As I am just like the other girls, I have a casual interest in astrology. But I have a much greater interest in asking men about astrology. What is even better than that, for me anyway, is going on a date and correctly ‘guessing’ their star sign. Little do they know, it is already listed on their Hinge profile. I have an Aries Venus and a Taurus Mercury, if that explains anything.
Whatever you believe, I don’t ask men their zodiac sign as a means of examining basic compatibility. It isn’t that I am searching for a common interest, nor do I use it as a way to mildly aggravate, however tempting that may be. It is definitely a method of finding out more about my date, but the outcome is not solely based on their reported sign.
I find it to be a useful tool in gauging potential worst qualities.
If interrogations result in a disdainful response, let alone a lecture, I can reasonably rule them out as a love match, or even a casual lover. I’m not searching for someone who is also interested in astrology. However, I am looking for someone who is relaxed enough to indulge all sorts of questions, and open-minded enough not to be immediately judgemental.
It also cannot be left unsaid – the primary reason I ask men about their star sign is to decipher if they are a misogynist or not.
Astrology has been, and remains, an interest that is predominantly enjoyed by women. Often, it is a safe and empowering space for us. It allows individuals to dig deep into areas of their life they may need to work on, work out. Through this, many women use their signs to find their own power.
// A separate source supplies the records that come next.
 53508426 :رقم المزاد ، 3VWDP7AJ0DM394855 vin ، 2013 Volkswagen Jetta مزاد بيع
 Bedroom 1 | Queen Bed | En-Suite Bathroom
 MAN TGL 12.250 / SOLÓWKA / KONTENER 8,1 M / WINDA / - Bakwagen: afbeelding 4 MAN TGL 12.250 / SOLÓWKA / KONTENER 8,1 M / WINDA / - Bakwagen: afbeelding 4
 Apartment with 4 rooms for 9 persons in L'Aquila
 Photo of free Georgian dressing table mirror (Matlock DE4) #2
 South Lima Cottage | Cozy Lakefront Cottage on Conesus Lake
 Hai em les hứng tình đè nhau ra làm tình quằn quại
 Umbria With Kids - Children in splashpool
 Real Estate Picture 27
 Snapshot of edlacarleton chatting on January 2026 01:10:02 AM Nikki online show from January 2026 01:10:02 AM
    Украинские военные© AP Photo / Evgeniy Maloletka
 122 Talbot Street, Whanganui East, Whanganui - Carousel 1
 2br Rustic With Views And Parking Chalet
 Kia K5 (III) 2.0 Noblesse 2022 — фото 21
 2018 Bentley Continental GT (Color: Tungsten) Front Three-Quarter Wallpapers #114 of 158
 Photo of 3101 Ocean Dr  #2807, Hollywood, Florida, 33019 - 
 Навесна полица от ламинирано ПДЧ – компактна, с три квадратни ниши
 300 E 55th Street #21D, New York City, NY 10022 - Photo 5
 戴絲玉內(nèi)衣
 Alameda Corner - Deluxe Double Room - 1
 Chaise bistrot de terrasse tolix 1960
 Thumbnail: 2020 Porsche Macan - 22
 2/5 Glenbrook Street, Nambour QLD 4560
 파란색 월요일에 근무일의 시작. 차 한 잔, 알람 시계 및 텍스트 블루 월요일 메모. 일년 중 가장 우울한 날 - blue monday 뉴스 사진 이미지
Writing off an interest in astrology as an irrational belief in the paranormal, immediately excludes the aspect of self-development sought after amongst committed believers.
While I couldn’t describe myself like that, it fills a practical function. It is dangerous being a young woman going on dates, even with people I already know. Unfortunately, many women like myself also must rely on surreptitious methods of vetting potential romantic partners.
When I polled women aged between 16 and 25 via Instagram, almost all respondents expressed that they also had negative experiences with men, after discussing astrology.
This isn’t breaking news, with respondents to previous surveys echoing the stories supplied through my Instagram study. In a 2018 Vice article, a male respondent stated that “If you bring that shit up with me, I’ll think you’re a mindless bimbo.” Delightful.
Another 2018 study by I. Andersson, entitled Even the Stars Think That I Am Superior: Personality, Intelligence and Belief in Astrology proposes a link between belief and psyche. Findings divulged a negative correlation between belief in astrology and intelligence, and positively correlated narcissism with belief in astrology [in men]. For me, what is attractive isn’t about disbelief or belief, but rather about acceptance of one another’s beliefs, so long as they are not harmful.
My ideal date isn’t necessarily someone who has even a casual interest in astrology. In fact, I think it is someone relatively apathetic about it, but lets me enjoy my silly little stars while they enjoy their silly little sports. Or whatever it is that they like, that I myself take no interest in.
On the lighter side, in the youth hostel I stayed in while writing this, I quizzed some of my male roommates on their thoughts. Was it a red flag for them, if women ask about their star sign? My Canadian, American and Australian hostel mates all had the same response. Basically, “If you had asked me five years ago, I would have thought you were intellectually inferior, and even lectured you about it, but now I just answer and wait for the analysis”.
Unfortunately, I didn’t get a chance to ask the men in the room next door to us, who catcalled us on the way back from the showers, what they might have thought about it all. Something tells me I don’t need their star sign to work out if I want to date them or not.